Conventional processes operate on fragmented technology that obstruct flow of information. “The need for flexibility to quickly adapt to disruptions has never been more prevalent than today. The lack of visibility deprives businesses of the benefits of data – in-depth understanding of vulnerabilities and strengths, areas for improvement and seamless adherence to regulations. However, the key benefit businesses lose out on is the ability to make timely and more informed decisions, especially in disruptive times,” explains Garg.

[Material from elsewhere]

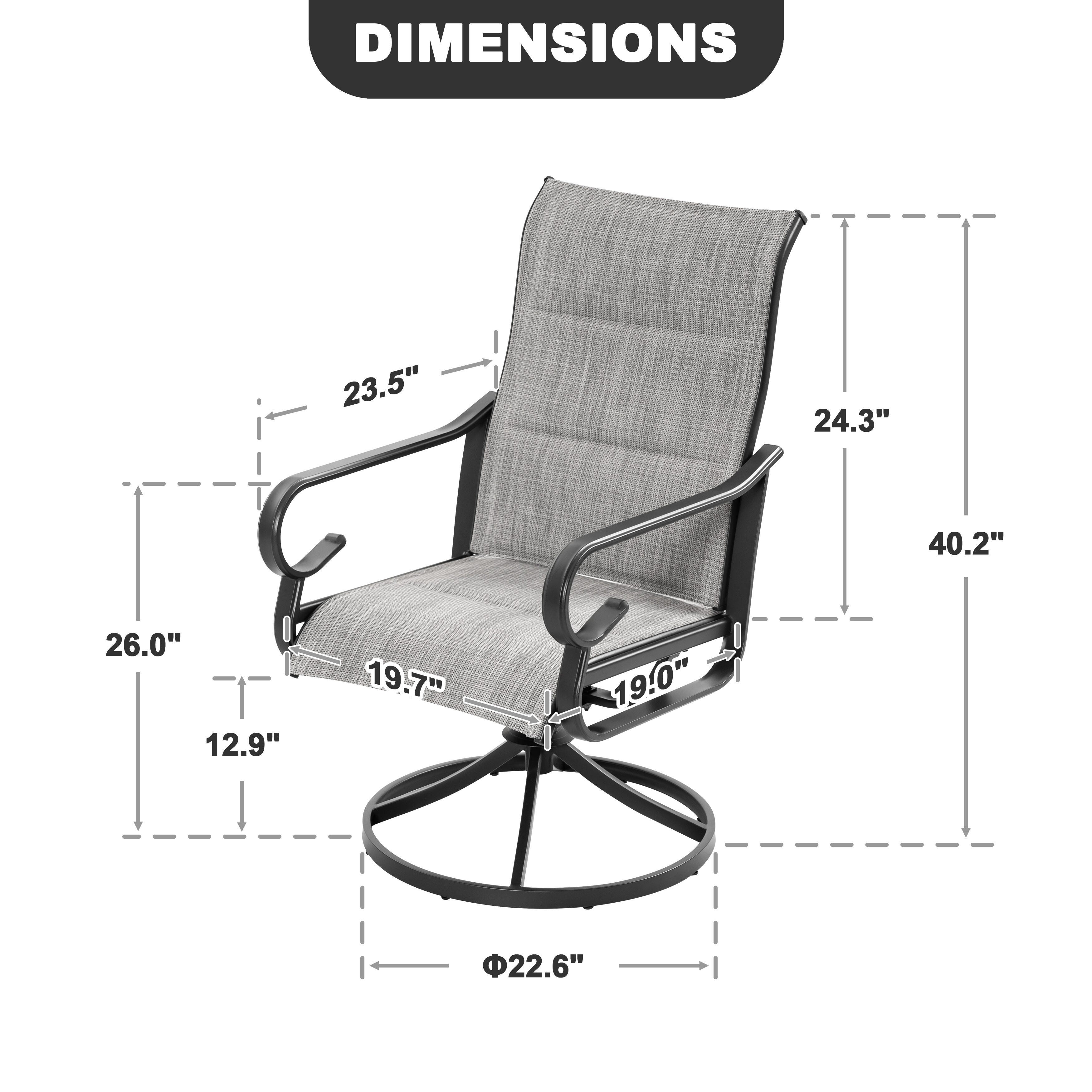 Nuu Garden Outdoor Swivel Dining Chair (Set of 2), Light Gray, large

Visibility could be the key to flexible supply chains in fast moving markets. “Real-time data helps businesses avoid the worst effects of disruptions. Businesses can know the moment a disruption occurs and respond quickly. Combine real-time data with advanced analytics, and they can simulate several scenarios using advanced analytics to evaluate the best option – does moving from truck to rail make sense? Does rerouting around a storm save time? Should businesses hold shipments for a day and wait for a storm to pass?” Gargmuses.

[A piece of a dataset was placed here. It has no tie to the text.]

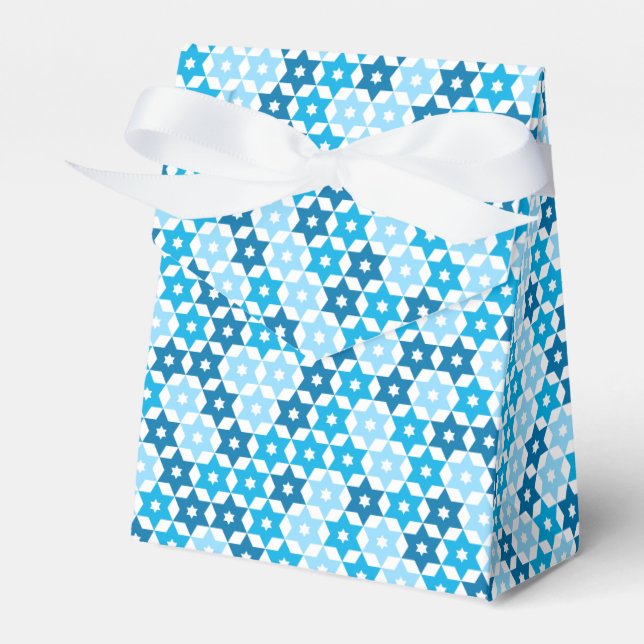 Random Blue Star Of David Favor Boxes (Front Side)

Need for supply chain digitization
As the COVID-19 situation has delineated, a lack of visibility across the entire supply chain can result in unprecedented breakdowns at both the demand and supply sides of the equation. Digital solutions have presented efficacies in helping address primary industry challenges pertaining to the pandemic.

“Organizations are unable to assess the risk profile from their supply base [including the supplier’s supplier] along with the extended ecosystem [logistics and financial partners] to respond rapidly. Compounding the situation, much of the required data is located across various systems and complex to understand and team members, who are now working remotely, lack the skills to take action,” flags Garg.

Another key challenge facing agri-businesses is the focus on cash management as the markets recover. While the spotlight before COVID-19 was on broader “transformation” efforts, the sudden slowing and even complete breakdown in key markets has brought with it an increased review on efficiencies and savings. Due to the limited digitization efforts, organizations are burdened with higher processing costs while reducing time the team can focus on higher value activities of working with suppliers.

Additionally, he flags that communications across the ecosystem occurs disconnected from actual information flows related to business processes, resulting in back-and-forth status updates and complex handoffs that diminish efficiencies and responsiveness to market dynamics.

“Ultimately the future for commodity management is digital. The cloud offers an ideal option because it not only provides a way to quickly adapt to unique and complex operations but also respond faster to disruptions as they occur. It also better supports the remote nature of work but allows for the broader inclusion and collaboration across the value chain,” concludes Garg.